Dans les bonnes nouvelles de rentrée, il y a la baisse du chômage : il vient de franchir la barre des 9%...

- Il faut se méfier des chiffres présentés comme symboliques. Plusieurs statistiques ne reflètent plus la réalité sociale. La vérité c’est qu’il y a près de 6 millions de salariés qui n’ont pas d’emploi, ou un emploi qui ne leur permet de vivre décemment. 80% des salariés à temps partiel ne le font pas par choix mais faute de mieux. L’auto-satisfaction du gouvernement est déplacée.

Le gouvernement a lancé des consultations sur le dialogue social. Sur quoi peuvent-elles déboucher ?

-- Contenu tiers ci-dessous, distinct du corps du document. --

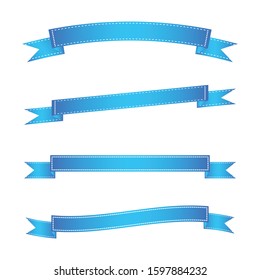 set of blue ribbon banner icon,ribbon vector banner, on white background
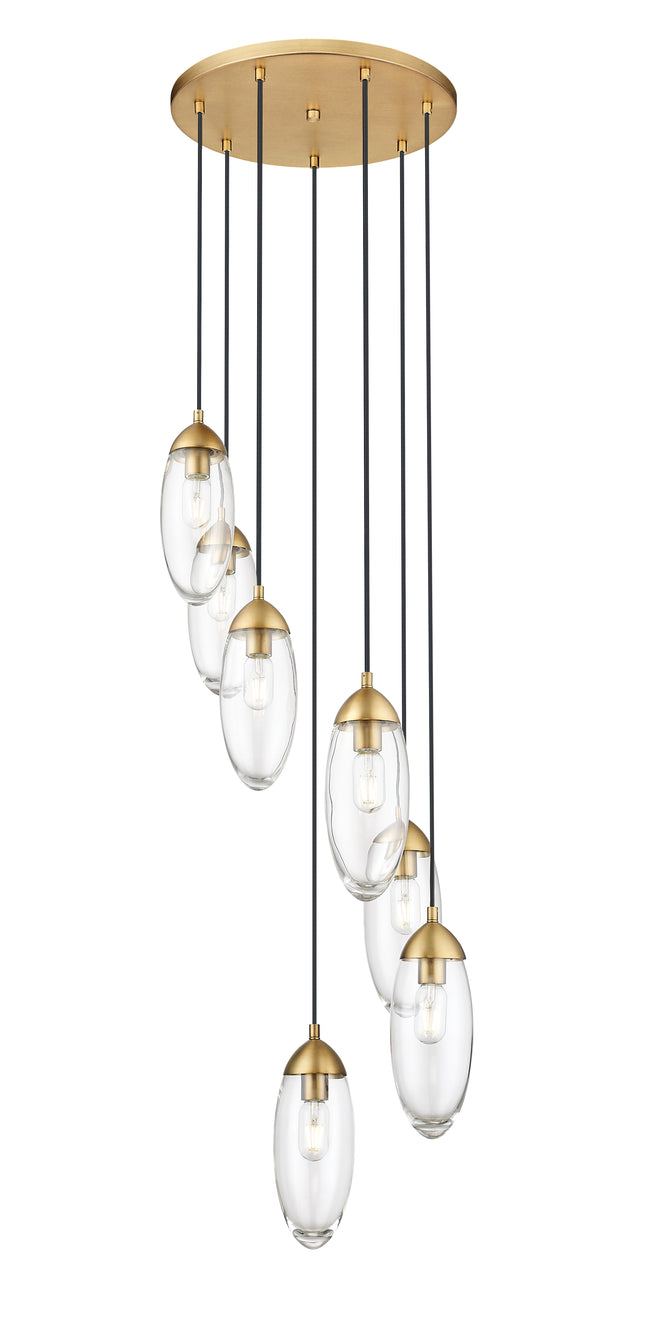 651P-7R-RB - Arden 7 Light 18" Chandelier - Rubbed Brass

- C’est la conséquence de la mobilisation victorieuse contre le CPE : le gouvernement a mesuré qu’ignorer les syndicats pouvait avoir des conséquences catastrophiques. Alors il nous consulte sur le dialogue social au moment même où le Premier ministre annonce des mesures comme le chèque transport et la prime pour l’emploi, sur lesquelles il ne nous a jamais consulté. Comme quoi les mauvaises habitudes ne se perdent pas facilement ! Cela dit, la Cgt a des propositions pour favoriser la démocratie sociale. Par exemple, en instaurant le principe que seuls les accords signés par des syndicats représentants une majorité des salariés soient appliqués. Le gouvernement n’en veut pas.

Accepteriez-vous que l’on modifie les règles de la représentativité syndicale, pour que l’Unsa par exemple rejoigne les cinq confédérations ?

- Il n’y a aucune raison que la représentativité syndicale continue de reposer sur un décret qui date de 1966. Ca n’a aucun sens. L’essentiel est que le paysage syndical repose sur l’opinion des salariés. Ils doivent tous pouvoir participer à des élections professionnelles. Aujourd’hui, un salarié sur deux est privé de ce droit, ce n’est pas normal. Je trouve scandaleux que le président de l’UMP réclame la règle majoritaire pour s’attaquer au droit de grève qui est un droit constitutionnel, c’est une liberté individuelle qui s’exerce dans un cadre collectif. Ce que revendique le président de l’UMP est contraire à la constitution française pour obtenir un soutien du Medef qu’il a d’ailleurs obtenu.

Quels sont pour la Cgt les enjeux de la prochaine présidentielle ?

- A la différence des partis, ce rendez-vous n’est pas notre priorité. Nous voulons des réponses concrètes et rapides aux revendications d’aujourd’hui. Nous participerons au débat public lié à cette échéance le moment venu. Mais notre rôle de syndicat n’est pas de participer à l’élaboration d’un programme, encore moins d’appeler à voter pour tel ou tel. Nous rencontrons les formations politiques qui le souhaitent, c’est le cas récemment du PS, de l’UDF ou des Verts.